You can check if a path is absolute or not with the `.is_absolute()`-method on the path object:

In [4]:
relative_path = Path("quidditch", "players")
absolute_path = Path.home() / "quidditch" / "players"

relative_path.is_absolute()

In [5]:
absolute_path.is_absolute()

By using `.resolve()` on a relative path, you can turn it into an absolute one, based on the current working directory:

In [7]:
relative_path

In [8]:
relative_path.resolve()

Or you can join it to an absolute path instead:

In [9]:
Path.home() / relative_path

Finally, by using `relative_to()`, you can get a relative path based on an absolute one:

In [11]:
absolute_path

In [12]:
absolute_path.relative_to(Path.home())

#### Create Folders

To create a directory in Python, you can use `os.makedirs` with the path as a string, as shown in the book.
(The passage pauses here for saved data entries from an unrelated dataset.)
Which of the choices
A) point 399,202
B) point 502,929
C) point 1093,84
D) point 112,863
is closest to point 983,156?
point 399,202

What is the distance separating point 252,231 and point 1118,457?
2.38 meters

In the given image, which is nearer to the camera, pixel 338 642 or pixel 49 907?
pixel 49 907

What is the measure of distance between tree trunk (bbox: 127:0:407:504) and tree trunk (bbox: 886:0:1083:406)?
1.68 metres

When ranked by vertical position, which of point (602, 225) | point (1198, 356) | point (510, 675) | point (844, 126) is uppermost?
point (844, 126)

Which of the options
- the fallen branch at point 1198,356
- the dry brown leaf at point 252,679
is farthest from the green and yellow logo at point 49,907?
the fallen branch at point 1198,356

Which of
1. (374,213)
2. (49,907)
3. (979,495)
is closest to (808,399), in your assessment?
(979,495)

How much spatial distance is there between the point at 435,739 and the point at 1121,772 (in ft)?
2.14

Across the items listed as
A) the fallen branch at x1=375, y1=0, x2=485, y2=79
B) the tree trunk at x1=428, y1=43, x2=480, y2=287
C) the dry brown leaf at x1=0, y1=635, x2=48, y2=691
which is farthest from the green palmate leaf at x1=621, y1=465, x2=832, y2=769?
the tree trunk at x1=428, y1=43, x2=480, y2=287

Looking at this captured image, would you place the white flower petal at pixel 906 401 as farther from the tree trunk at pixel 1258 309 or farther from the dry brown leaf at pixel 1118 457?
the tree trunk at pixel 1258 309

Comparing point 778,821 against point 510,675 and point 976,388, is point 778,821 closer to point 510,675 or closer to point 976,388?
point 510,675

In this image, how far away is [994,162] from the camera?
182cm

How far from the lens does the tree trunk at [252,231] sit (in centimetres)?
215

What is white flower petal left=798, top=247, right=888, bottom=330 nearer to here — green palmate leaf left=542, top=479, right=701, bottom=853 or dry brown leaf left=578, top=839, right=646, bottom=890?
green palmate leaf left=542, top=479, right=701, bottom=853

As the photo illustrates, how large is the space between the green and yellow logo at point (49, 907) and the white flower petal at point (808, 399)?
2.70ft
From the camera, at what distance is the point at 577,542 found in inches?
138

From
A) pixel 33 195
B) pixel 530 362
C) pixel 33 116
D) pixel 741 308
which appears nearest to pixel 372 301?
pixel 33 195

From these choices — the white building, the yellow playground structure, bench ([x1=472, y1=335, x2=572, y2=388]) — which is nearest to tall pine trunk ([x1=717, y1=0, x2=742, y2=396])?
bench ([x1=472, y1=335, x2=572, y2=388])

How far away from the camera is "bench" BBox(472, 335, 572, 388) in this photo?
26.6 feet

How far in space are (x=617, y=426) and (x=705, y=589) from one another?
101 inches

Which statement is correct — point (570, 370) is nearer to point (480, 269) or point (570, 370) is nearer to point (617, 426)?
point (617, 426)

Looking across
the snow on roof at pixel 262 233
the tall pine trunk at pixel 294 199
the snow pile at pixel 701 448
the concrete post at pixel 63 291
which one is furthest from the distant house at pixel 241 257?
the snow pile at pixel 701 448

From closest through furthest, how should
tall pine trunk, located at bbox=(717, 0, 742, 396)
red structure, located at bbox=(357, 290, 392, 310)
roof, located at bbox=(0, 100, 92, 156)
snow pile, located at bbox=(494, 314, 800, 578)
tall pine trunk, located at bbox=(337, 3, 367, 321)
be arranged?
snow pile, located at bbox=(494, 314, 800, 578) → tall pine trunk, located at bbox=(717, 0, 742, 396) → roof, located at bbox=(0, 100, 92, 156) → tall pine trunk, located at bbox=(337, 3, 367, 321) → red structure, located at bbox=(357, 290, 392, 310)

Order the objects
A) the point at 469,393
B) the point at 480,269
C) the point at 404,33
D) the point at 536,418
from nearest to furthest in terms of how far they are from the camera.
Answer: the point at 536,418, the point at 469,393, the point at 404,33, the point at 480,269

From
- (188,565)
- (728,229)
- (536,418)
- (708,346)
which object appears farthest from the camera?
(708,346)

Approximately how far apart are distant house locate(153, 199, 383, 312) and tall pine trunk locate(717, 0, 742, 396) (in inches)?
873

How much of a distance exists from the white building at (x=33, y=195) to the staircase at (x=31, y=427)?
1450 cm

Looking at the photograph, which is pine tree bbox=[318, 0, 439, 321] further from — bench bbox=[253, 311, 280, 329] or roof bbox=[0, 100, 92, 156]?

However, it's usually preferrable to use the `.mkdir()` method on a `Path` object instead:

In [None]:
from pathlib import Path

school_path = Path.home() / "school"
transformation_path = school_path / "transformation"
november_essays_path = school_path / "divination" / "essays" / "november"

# Create a `transformation` folder in the (already existing) `school` folder
transformation_path.mkdir()

# Create a `divination` folder with an `essays` folder with a `november` folder in it
november_essays_path.mkdir(parents=True)

#### Gathering Information
The book shows how to use `os.path.getsize` to get the size of a file - again, we recommend using the pathlib methods instead.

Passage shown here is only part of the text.